College Advising at the Midterm and at the End-of-Term

At the Midterm

Take the opportunity to check in with your advisees before the mid-term deadline (see the Yale College Calendar with Pertinent Deadlines. Invite them to join you for lunch in your residential college or set up advising office hours. You may learn that a student is struggling and has not thought about getting a tutor for a given course. Or it may be that the best way for a student to manage a difficult situation is to drop a course, or limit extracurricular involvement. By building on the relationships you established in the first few weeks, you can find out more about how your advisees are faring in their ongoing transition to college life.

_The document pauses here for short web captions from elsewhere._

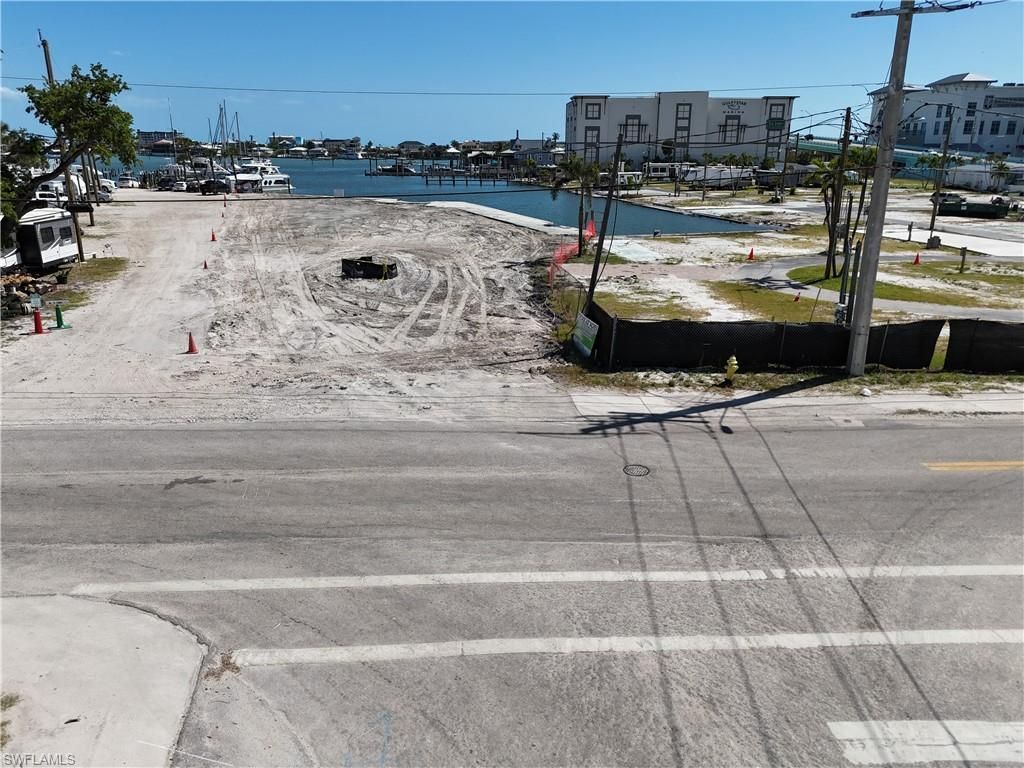 1100 Main St, Fort Myers Beach, FL 33931 Photo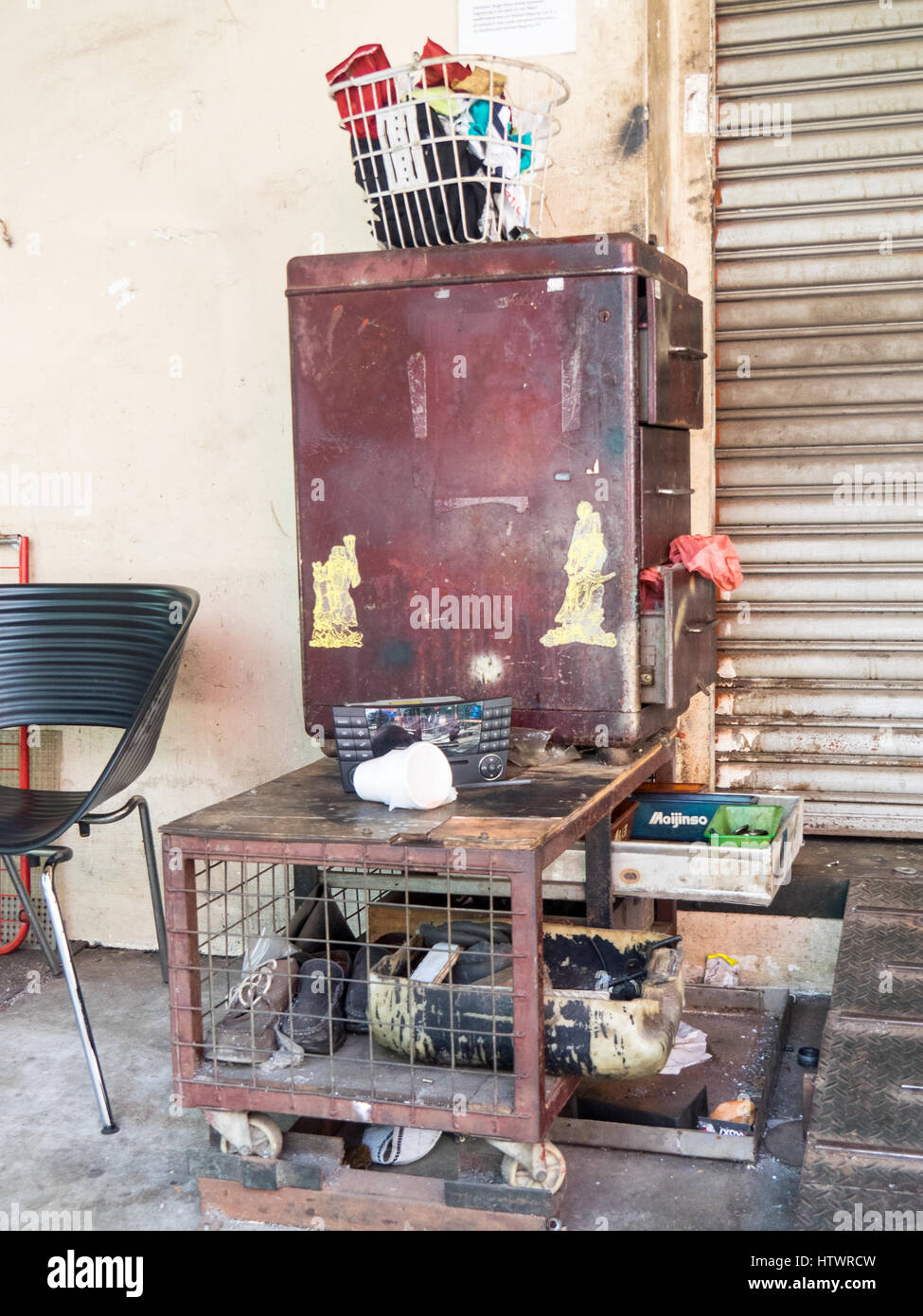 Schrank und Toolbox außerhalb einer mechanischen Werkstatt. Stockfoto
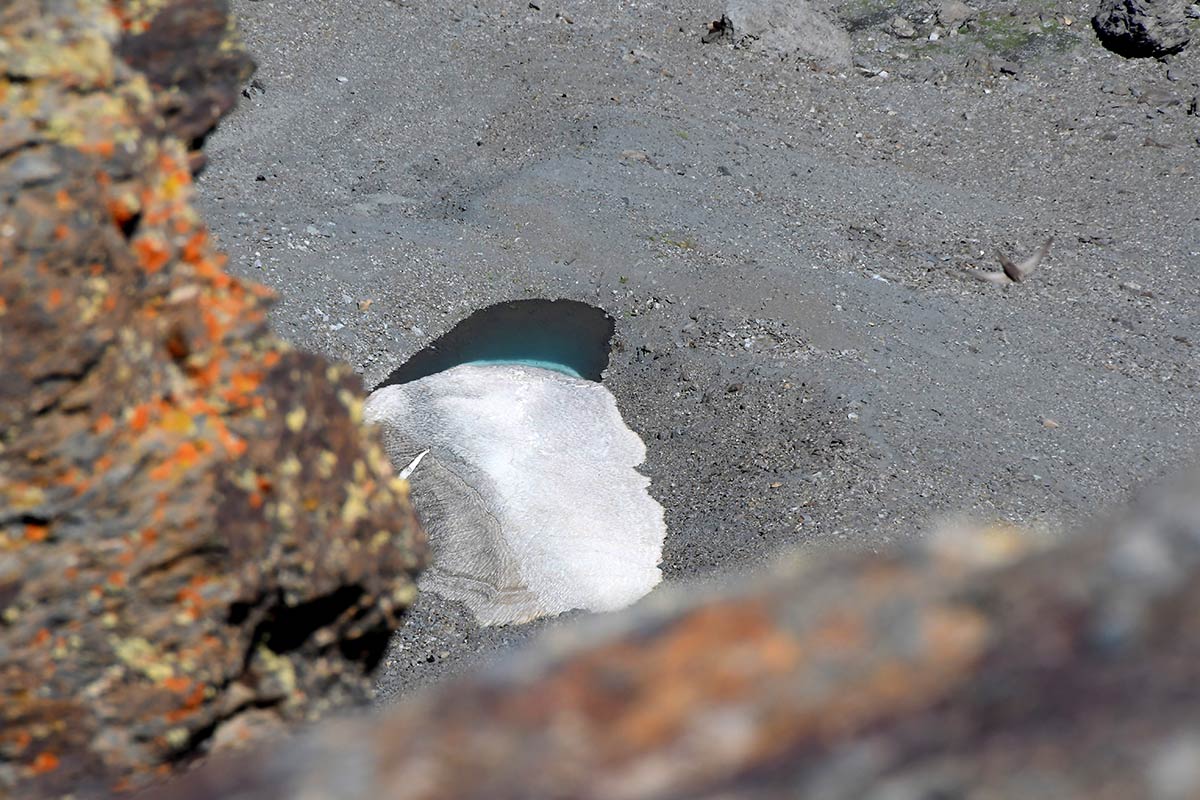 Coronar el Veleta es viajar al corazón de Sierra Nevada y entender el pulso de una montaña viva, es el segundo pico más alto de la sierra y el que marca la imagen más conocida del macizo nevadense, su cima es el gran mirador del sur de Europa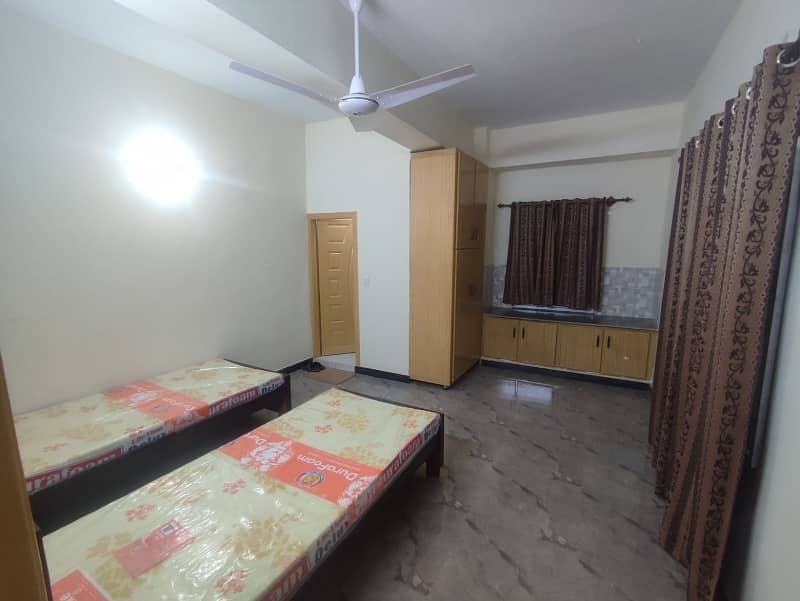 Hostel Room For Rent Near Ayub Park 1
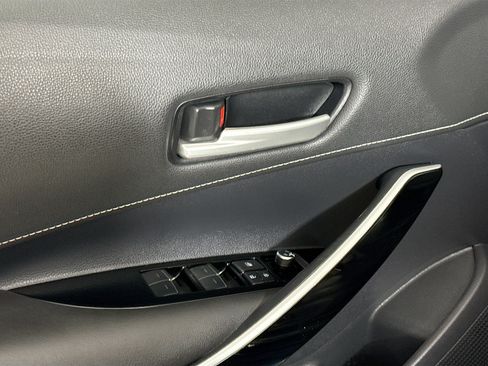 Used 2019 Toyota Corolla XSE FWD image 24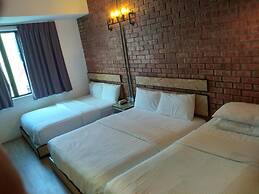 Brick Box Hotel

You might also discuss study habits, efficient organization of their work-week, and realistic allotment of study time to different types of courses. Ask your advisees whether they have written any papers, and if so, consider whether the experience they describe suggests that they would benefit from working with the Bass Writing Tutors. Also, be sure to remember that the habits for academic citation that your students learned in high school might not meet the standards we hold students to at Yale.

Encourage them to visit the Writing Center’s website, which contains much helpful information about writing academic papers. Refer your first-years to Yale’s extensive tutoring programs that provide one-on-one support in writing, foreign languages, science, and quantitative reasoning (including for most introductory courses in mathematics, economics, and the natural sciences).

The dean of your residential college can describe these programs for you or your advisees in much more detail.

End-of-term

As you can imagine, stress levels run high at the end of the term.

Your college advisees would benefit from an encouraging email from you, should you care to send one. You might offer your help, or perhaps suggest a lunchtime meeting or a coffee break to discuss study strategies. You might also let them know — if it’s the fall — that you look forward to seeing them again in January to discuss and sign their spring schedules. If it’s the spring (and you’re a faculty member), you might let them know that you have enjoyed advising them and offer your services if they were unsuccessful in securing a sophomore faculty adviser. 

What you write is not as important as the very fact that you have written. Some advisees respond to our efforts to reach out and some don’t. Regardless, please know that your efforts as part of their “constellation of advisers” are important and appreciated.